The man looked dazed, nodding back at her. I wasn’t entirely convinced he had any idea who Cloves was. “The poor little lamb. How can something like this happen?” Cloves continued, clasping his hands in hers. “You must keep strong. For Marissa as well. There is simply no way your little darling will not be found, and soon, you’ll see.”
“Marissa has been a rock,” William mumbled, still looking slightly bewildered. Cloves didn’t miss a beat.
“Of course. Of course she has. We’re a strong breed we are. Motherly instinct you know. There is nothing in this world fiercer or stronger than a mother’s love, Billy, trust me, I know.”
I doubted Cloves had ever mothered anything, nor did she considered any child a ‘lamb’. It was conceivable, I considered, that she may have smothered a lamb in her time. I could picture that easier than I could picture Cloves being maternal.
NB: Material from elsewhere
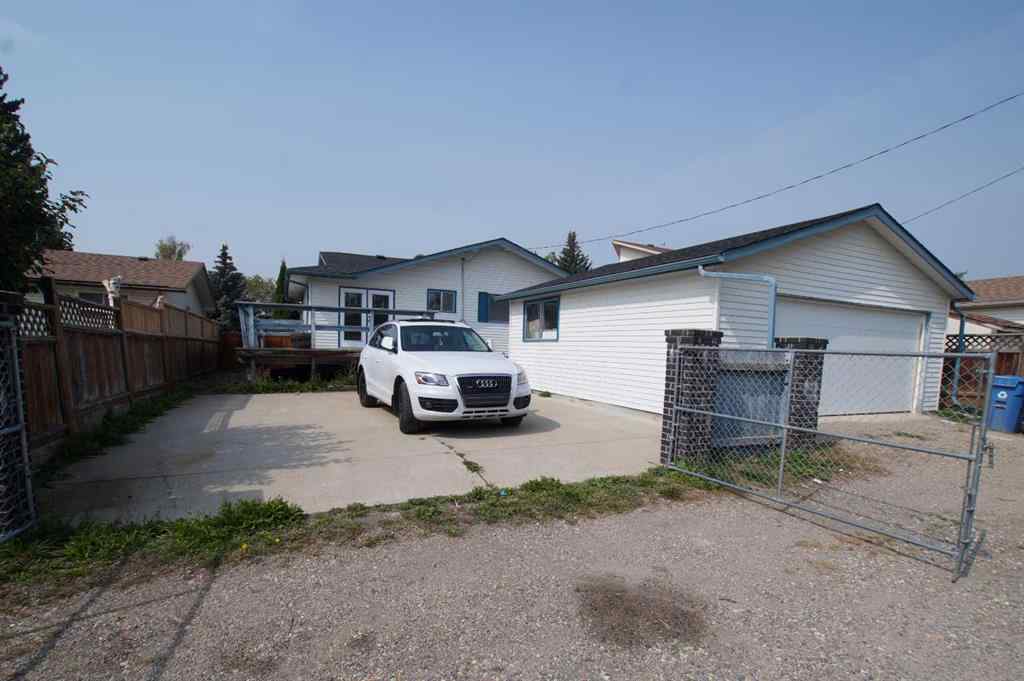 MLS® A2231696 - 6267 Silver Springs Hill NW in Silver Springs Calgary, Residential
Mrs Cunningham Bowls, expensively slender and dressed in soft gold and pearls, walked over and passed Cloves a slim candle. She had a sharp, slightly malnourished face, arranged under a pristine up-do of perfectly tailored hair. She linked William’s arm as Cloves took the candle from her. A causal enough move, but one which smoothly and politely moved the man from one woman’s bubble to another’s.
“Melodie is my step-daughter,” she smiled politely to Cloves. “But I appreciate your words. She is a daughter to me in every way. Thank you for taking the time out of your busy schedule to come tonight, it means a lot to us, Ms Cloves.”
Cloves nodded. “It’s lovely to meet you, my dear,” she shook her head a little. “But at such a time…”
William’s brow furrowed as he glanced between the two women. “Cloves?” he muttered to his wife. “You know each other?”
Marissa shook her head. “Oh no, we’ve never met, dear. But this is Veronica Cloves from the DataStream shows, surely you recognise her? I knew her at once.”
He looked suspicious, his entire body language tightening up. “Press?” he spluttered. “I told you I didn’t want reporters involved. We will deal with this our own way.”
Cloves nodded hastily, passing the candle to me absently, as though she were giving an empty champagne glass to a waite
r. “No no, Billy, not press. I’m with Cabal. We wanted to offer our support and-”
“That’s even worse!” William’s eyes widened. “Melodie is my daughter. My responsibility. I don’t need the politicians interfering and causing a huge scandal.” He glanced at his wife, who was patting his arm. “The last thing we need is a furore. If Cabal are involved, two minutes later the press are, and then our entire family is plastered all over the DataStream like a bloody soap opera.”
“Hush dear,” his wife soothed, noticing that some of the other well-wishers were glancing their way. “I’m certain that Ms Cloves has a reason for being here. Cabal are not the enemy, remember?”
“I know who the bloody enemy are,” William muttered. “The monsters who took my daughter.” His eyes darted to Cloves and myself. “The creatures that you people think should live in our city with us, prowling around like sharks in a swimming pool.”
“You think vampires took your daughter?” I asked. Cloves shot me a death glare for speaking out of turn. I ignored it.
Marissa raised her eyebrows. “We are civilised people,” she said. “They are not. They drink blood for heavens’ sake. They prey on humans. We don’t even know if they think the same was as we do. Goodness knows, stealing a child would be nothing to those godless abominations, don’t you agree?”
“And Cabal does nothing about it.” William nodded to Cloves. “Is that what you people want? Our children taken away under our noses by the creatures you all keep telling us are ‘people too’.” He bristled. “And then you have the audacity to come here tonight to offer… what? Apologies? Sympathy?”